BEGIN Extracted material

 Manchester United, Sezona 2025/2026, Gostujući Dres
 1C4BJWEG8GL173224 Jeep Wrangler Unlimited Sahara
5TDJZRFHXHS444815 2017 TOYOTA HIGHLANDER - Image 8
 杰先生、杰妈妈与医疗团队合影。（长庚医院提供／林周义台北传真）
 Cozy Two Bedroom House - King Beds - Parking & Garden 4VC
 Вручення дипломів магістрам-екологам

END Extracted material
BEGIN Extracted material

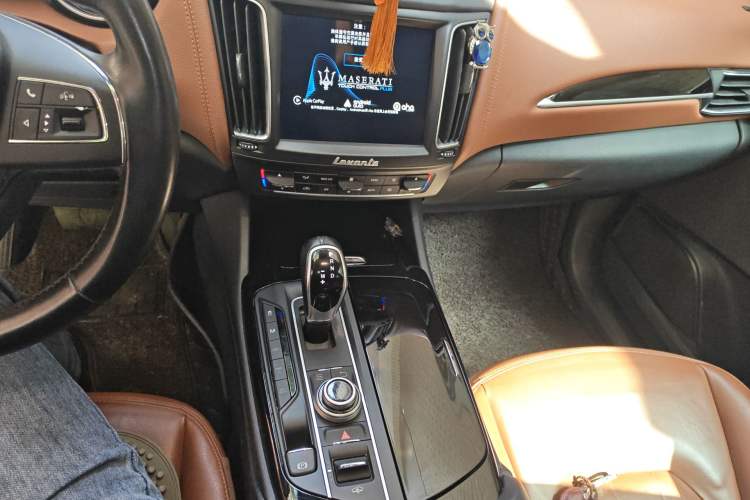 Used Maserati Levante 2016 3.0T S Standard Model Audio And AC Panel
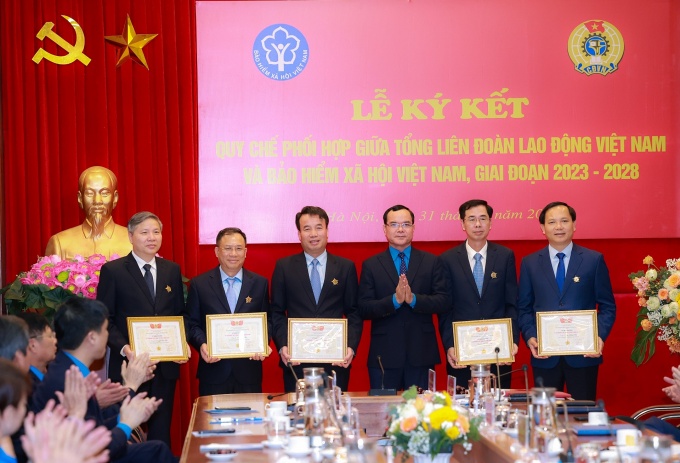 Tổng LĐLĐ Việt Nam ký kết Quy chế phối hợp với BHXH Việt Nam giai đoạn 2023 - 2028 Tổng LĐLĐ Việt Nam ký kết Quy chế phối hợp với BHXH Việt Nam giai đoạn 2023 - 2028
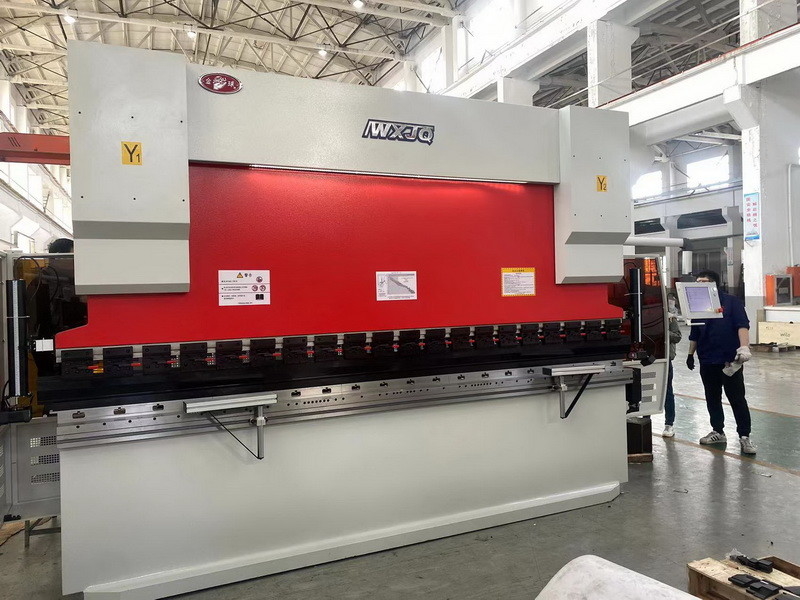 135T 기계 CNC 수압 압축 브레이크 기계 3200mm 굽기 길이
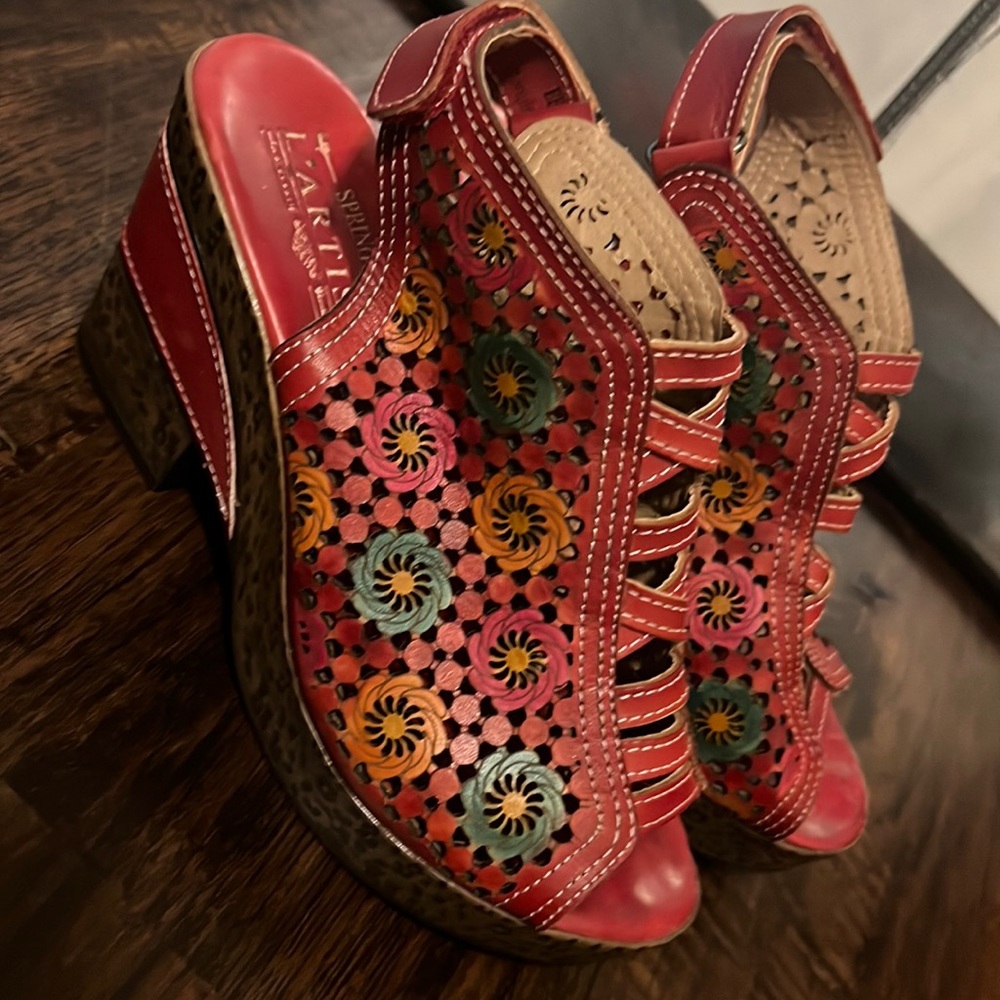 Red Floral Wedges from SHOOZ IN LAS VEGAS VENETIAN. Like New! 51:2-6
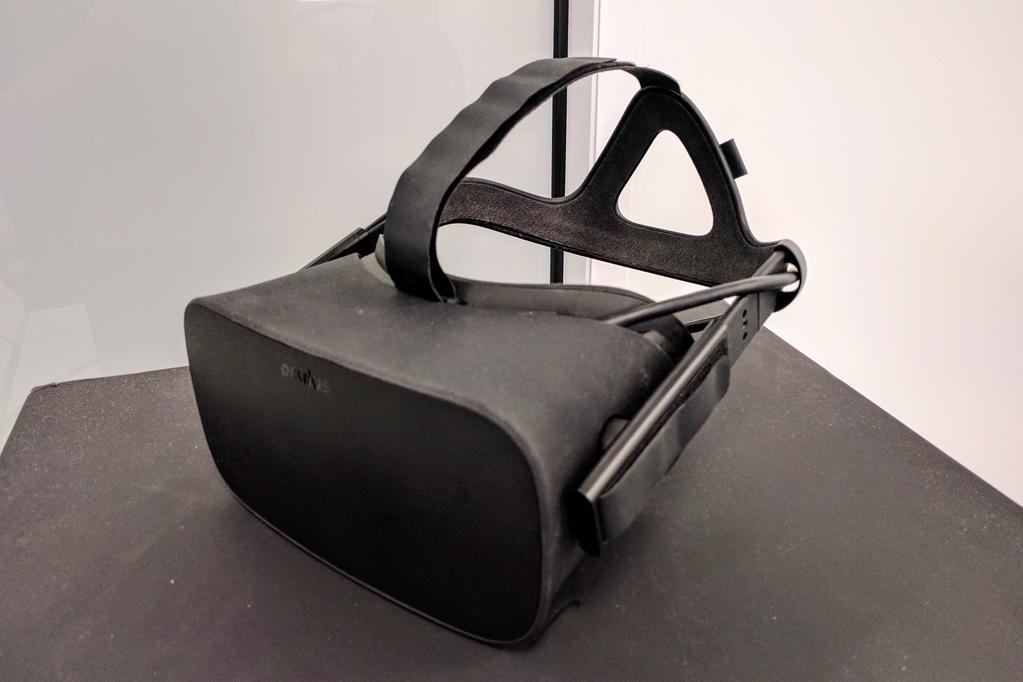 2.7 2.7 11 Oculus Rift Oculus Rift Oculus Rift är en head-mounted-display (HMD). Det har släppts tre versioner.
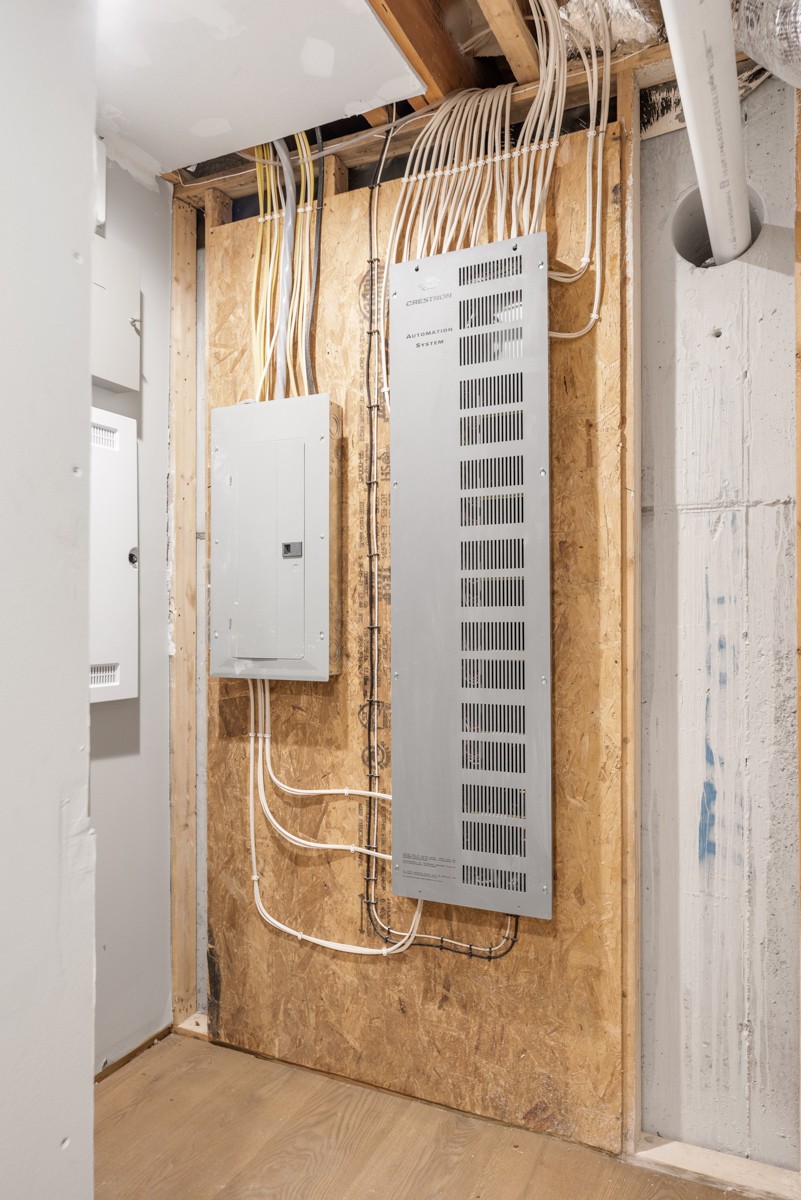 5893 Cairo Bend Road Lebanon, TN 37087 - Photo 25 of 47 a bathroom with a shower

END Extracted material

**What is expected**
Beginning at the line above with "Manchester United, Sezona" and finishing at the line with "Вручення дипломів магістрам-екологам", return each line exactly and return nothing else.

**Reply to the task**
 Manchester United, Sezona 2025/2026, Gostujući Dres
 1C4BJWEG8GL173224 Jeep Wrangler Unlimited Sahara
5TDJZRFHXHS444815 2017 TOYOTA HIGHLANDER - Image 8
 杰先生、杰妈妈与医疗团队合影。（长庚医院提供／林周义台北传真）
 Cozy Two Bedroom House - King Beds - Parking & Garden 4VC
 Вручення дипломів магістрам-екологам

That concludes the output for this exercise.